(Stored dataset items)
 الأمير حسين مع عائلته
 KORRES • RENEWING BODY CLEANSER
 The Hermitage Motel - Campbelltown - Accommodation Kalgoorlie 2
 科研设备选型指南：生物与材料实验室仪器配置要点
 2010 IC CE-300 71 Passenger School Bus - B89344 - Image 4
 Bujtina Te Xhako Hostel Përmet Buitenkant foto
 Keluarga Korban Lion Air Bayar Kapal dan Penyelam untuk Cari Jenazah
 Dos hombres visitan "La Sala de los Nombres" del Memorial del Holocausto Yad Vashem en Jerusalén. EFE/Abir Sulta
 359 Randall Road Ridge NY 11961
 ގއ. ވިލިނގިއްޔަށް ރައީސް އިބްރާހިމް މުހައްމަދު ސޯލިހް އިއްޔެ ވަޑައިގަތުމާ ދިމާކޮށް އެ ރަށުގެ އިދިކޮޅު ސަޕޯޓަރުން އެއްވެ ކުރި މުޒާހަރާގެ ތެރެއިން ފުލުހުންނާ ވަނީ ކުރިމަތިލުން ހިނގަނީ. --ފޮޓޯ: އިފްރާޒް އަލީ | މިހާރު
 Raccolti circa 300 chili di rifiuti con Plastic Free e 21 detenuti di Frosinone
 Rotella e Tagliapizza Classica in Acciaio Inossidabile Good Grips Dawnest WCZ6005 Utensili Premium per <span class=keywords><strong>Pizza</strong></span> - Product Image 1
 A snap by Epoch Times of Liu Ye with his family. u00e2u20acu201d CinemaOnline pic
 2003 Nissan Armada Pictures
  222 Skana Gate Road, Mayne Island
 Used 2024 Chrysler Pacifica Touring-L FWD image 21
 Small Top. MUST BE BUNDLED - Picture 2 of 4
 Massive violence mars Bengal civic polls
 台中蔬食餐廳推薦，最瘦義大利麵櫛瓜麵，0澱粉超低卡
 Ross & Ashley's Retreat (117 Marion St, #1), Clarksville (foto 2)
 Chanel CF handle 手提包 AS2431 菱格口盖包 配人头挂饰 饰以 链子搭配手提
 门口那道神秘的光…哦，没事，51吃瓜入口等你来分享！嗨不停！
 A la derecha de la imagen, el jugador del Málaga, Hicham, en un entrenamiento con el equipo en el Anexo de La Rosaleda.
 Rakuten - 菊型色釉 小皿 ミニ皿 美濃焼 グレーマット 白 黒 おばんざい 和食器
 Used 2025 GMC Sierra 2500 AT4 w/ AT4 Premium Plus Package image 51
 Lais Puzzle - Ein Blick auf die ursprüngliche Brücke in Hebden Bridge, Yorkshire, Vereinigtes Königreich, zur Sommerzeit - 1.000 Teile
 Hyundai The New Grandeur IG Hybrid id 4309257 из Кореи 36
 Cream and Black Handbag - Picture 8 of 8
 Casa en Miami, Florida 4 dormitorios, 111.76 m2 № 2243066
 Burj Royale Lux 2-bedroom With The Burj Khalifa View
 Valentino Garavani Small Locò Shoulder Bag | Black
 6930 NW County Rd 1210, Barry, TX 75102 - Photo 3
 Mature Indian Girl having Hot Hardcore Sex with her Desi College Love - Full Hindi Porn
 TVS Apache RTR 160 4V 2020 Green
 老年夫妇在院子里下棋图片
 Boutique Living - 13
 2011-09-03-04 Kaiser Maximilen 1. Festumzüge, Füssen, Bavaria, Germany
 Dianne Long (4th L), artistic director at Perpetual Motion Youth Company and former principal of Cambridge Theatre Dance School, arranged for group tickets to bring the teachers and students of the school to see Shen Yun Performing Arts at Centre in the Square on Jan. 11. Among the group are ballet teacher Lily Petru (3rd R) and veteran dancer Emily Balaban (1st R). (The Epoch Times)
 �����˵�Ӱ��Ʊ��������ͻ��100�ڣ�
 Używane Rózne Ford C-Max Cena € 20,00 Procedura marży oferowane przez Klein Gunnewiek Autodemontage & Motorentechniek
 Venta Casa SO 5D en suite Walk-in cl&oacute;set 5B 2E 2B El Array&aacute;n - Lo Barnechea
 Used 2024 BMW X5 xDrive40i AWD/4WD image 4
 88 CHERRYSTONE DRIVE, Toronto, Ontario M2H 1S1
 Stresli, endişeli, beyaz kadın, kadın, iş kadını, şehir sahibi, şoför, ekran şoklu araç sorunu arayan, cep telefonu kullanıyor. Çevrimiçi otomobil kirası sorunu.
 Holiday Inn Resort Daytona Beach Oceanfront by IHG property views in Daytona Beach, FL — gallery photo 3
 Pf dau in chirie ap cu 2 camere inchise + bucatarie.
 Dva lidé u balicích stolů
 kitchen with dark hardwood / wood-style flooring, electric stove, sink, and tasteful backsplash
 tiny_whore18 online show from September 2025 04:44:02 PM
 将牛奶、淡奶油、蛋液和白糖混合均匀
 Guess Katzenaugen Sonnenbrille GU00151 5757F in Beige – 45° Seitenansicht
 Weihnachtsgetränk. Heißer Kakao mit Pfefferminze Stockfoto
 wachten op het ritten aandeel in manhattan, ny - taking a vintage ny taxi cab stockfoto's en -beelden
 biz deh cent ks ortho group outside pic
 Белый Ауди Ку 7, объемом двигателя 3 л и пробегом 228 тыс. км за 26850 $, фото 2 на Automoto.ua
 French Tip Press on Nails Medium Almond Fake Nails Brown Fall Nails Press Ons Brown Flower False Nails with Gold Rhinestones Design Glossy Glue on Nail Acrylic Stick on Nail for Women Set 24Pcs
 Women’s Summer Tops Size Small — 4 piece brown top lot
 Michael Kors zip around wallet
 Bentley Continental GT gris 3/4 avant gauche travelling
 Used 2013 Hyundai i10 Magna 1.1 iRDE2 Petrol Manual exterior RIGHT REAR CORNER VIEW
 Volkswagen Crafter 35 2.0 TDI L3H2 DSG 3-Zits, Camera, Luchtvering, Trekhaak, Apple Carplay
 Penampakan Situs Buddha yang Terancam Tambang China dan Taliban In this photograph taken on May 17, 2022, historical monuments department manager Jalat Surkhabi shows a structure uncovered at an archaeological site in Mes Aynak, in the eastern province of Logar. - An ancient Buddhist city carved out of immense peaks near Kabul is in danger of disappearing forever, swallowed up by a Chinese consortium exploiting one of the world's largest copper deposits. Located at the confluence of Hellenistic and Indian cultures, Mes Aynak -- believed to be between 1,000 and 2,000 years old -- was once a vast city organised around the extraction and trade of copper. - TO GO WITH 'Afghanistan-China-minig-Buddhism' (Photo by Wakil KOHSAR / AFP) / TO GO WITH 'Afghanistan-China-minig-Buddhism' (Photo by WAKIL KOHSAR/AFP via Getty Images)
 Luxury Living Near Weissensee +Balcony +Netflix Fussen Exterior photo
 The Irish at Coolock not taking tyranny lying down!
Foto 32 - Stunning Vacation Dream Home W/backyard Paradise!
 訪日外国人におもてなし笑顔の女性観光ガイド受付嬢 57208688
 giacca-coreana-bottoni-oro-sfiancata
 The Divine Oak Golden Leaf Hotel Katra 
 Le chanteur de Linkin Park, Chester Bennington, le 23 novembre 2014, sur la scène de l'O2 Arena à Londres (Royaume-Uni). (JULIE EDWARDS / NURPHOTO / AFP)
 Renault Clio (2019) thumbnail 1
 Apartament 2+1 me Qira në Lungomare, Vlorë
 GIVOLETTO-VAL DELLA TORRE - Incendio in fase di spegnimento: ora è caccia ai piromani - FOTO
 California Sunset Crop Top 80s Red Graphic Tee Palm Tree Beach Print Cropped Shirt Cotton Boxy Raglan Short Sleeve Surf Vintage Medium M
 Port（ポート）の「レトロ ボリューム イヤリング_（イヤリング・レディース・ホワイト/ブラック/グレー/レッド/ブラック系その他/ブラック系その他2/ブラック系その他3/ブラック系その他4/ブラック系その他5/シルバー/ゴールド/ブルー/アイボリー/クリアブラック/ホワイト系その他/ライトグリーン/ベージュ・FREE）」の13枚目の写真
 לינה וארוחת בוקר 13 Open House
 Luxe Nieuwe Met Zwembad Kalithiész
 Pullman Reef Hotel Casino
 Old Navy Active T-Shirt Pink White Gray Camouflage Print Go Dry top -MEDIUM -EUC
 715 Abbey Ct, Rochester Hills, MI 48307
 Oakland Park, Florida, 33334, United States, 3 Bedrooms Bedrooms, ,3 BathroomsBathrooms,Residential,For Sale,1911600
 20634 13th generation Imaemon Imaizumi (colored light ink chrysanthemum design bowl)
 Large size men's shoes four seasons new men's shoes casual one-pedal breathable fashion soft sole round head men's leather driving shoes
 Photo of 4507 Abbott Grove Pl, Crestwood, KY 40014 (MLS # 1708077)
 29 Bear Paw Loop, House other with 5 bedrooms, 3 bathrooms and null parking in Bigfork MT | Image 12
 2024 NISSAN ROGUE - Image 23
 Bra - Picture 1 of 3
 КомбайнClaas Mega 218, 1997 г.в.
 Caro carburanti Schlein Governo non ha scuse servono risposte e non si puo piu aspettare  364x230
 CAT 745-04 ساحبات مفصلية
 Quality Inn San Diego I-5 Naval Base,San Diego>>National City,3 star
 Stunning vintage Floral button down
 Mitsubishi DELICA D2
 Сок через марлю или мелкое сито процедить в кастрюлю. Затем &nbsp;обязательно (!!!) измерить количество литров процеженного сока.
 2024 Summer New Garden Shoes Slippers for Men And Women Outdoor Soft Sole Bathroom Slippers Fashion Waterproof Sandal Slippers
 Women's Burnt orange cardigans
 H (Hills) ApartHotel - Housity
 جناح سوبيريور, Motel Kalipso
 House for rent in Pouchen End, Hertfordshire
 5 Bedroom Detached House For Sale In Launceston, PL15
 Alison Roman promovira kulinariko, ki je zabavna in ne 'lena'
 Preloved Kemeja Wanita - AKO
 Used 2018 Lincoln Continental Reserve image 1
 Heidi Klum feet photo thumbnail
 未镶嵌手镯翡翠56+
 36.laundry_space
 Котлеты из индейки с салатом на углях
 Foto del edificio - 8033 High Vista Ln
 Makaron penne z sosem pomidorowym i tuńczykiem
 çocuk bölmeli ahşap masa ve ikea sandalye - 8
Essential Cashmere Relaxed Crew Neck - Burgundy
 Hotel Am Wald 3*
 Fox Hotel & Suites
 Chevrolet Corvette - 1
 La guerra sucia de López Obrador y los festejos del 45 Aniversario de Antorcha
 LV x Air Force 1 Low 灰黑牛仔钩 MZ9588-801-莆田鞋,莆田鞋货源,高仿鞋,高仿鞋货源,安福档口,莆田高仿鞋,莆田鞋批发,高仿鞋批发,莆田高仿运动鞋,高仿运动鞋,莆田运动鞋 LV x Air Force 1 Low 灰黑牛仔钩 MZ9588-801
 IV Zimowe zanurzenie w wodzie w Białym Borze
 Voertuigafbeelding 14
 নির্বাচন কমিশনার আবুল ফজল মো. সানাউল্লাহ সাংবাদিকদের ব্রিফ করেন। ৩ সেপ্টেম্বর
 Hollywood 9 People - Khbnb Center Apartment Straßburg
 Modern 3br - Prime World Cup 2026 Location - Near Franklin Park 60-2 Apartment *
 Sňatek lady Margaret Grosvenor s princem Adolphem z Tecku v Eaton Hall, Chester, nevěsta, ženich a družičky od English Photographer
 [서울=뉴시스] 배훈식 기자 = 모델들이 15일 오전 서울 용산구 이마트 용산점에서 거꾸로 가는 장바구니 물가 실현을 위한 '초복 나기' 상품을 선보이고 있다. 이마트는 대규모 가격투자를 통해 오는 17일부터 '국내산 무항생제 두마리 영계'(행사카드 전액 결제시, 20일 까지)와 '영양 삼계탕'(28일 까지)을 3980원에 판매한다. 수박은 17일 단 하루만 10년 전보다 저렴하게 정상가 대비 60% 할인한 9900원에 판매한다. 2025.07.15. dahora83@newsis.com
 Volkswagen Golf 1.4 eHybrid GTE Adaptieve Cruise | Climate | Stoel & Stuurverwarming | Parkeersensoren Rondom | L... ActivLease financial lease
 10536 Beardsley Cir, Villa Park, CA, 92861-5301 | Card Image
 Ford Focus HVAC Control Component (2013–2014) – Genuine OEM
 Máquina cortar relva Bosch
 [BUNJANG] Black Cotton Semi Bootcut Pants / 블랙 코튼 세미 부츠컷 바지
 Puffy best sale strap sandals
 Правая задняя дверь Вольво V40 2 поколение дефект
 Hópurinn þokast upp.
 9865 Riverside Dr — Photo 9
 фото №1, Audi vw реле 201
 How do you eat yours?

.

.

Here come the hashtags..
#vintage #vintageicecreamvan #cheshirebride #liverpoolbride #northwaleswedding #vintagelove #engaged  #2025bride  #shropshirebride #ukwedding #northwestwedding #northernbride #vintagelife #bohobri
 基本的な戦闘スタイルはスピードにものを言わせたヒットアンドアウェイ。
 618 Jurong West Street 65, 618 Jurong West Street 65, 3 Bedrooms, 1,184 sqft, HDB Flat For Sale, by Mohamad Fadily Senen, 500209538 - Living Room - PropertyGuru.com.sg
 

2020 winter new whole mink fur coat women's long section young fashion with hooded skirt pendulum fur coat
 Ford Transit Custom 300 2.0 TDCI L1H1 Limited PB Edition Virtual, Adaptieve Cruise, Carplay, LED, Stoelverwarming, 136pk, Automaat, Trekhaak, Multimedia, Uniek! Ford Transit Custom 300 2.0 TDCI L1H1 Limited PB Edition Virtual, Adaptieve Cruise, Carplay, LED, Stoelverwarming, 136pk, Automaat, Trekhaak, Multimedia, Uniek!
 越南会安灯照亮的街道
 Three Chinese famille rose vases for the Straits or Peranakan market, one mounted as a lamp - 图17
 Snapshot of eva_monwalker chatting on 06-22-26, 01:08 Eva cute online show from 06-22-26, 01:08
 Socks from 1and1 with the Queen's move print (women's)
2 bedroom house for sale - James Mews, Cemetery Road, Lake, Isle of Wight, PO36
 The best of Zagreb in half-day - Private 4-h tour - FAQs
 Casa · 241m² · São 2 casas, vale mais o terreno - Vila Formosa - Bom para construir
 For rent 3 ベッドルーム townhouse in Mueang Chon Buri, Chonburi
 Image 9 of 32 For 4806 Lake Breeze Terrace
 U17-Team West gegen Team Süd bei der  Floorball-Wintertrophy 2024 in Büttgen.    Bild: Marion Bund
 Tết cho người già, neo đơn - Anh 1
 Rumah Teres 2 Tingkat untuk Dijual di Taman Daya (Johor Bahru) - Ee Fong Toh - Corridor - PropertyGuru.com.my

TASK TO COMPLETE
In the entries above, the lines between the one holding "Old Navy Active" and the one holding "নির্বাচন কমিশনার আবুল", inclusive, are to be printed exactly as written, and those alone.

COMPLETED TASK
 Old Navy Active T-Shirt Pink White Gray Camouflage Print Go Dry top -MEDIUM -EUC
 715 Abbey Ct, Rochester Hills, MI 48307
 Oakland Park, Florida, 33334, United States, 3 Bedrooms Bedrooms, ,3 BathroomsBathrooms,Residential,For Sale,1911600
 20634 13th generation Imaemon Imaizumi (colored light ink chrysanthemum design bowl)
 Large size men's shoes four seasons new men's shoes casual one-pedal breathable fashion soft sole round head men's leather driving shoes
 Photo of 4507 Abbott Grove Pl, Crestwood, KY 40014 (MLS # 1708077)
 29 Bear Paw Loop, House other with 5 bedrooms, 3 bathrooms and null parking in Bigfork MT | Image 12
 2024 NISSAN ROGUE - Image 23
 Bra - Picture 1 of 3
 КомбайнClaas Mega 218, 1997 г.в.
 Caro carburanti Schlein Governo non ha scuse servono risposte e non si puo piu aspettare  364x230
 CAT 745-04 ساحبات مفصلية
 Quality Inn San Diego I-5 Naval Base,San Diego>>National City,3 star
 Stunning vintage Floral button down
 Mitsubishi DELICA D2
 Сок через марлю или мелкое сито процедить в кастрюлю. Затем &nbsp;обязательно (!!!) измерить количество литров процеженного сока.
 2024 Summer New Garden Shoes Slippers for Men And Women Outdoor Soft Sole Bathroom Slippers Fashion Waterproof Sandal Slippers
 Women's Burnt orange cardigans
 H (Hills) ApartHotel - Housity
 جناح سوبيريور, Motel Kalipso
 House for rent in Pouchen End, Hertfordshire
 5 Bedroom Detached House For Sale In Launceston, PL15
 Alison Roman promovira kulinariko, ki je zabavna in ne 'lena'
 Preloved Kemeja Wanita - AKO
 Used 2018 Lincoln Continental Reserve image 1
 Heidi Klum feet photo thumbnail
 未镶嵌手镯翡翠56+
 36.laundry_space
 Котлеты из индейки с салатом на углях
 Foto del edificio - 8033 High Vista Ln
 Makaron penne z sosem pomidorowym i tuńczykiem
 çocuk bölmeli ahşap masa ve ikea sandalye - 8
Essential Cashmere Relaxed Crew Neck - Burgundy
 Hotel Am Wald 3*
 Fox Hotel & Suites
 Chevrolet Corvette - 1
 La guerra sucia de López Obrador y los festejos del 45 Aniversario de Antorcha
 LV x Air Force 1 Low 灰黑牛仔钩 MZ9588-801-莆田鞋,莆田鞋货源,高仿鞋,高仿鞋货源,安福档口,莆田高仿鞋,莆田鞋批发,高仿鞋批发,莆田高仿运动鞋,高仿运动鞋,莆田运动鞋 LV x Air Force 1 Low 灰黑牛仔钩 MZ9588-801
 IV Zimowe zanurzenie w wodzie w Białym Borze
 Voertuigafbeelding 14
 নির্বাচন কমিশনার আবুল ফজল মো. সানাউল্লাহ সাংবাদিকদের ব্রিফ করেন। ৩ সেপ্টেম্বর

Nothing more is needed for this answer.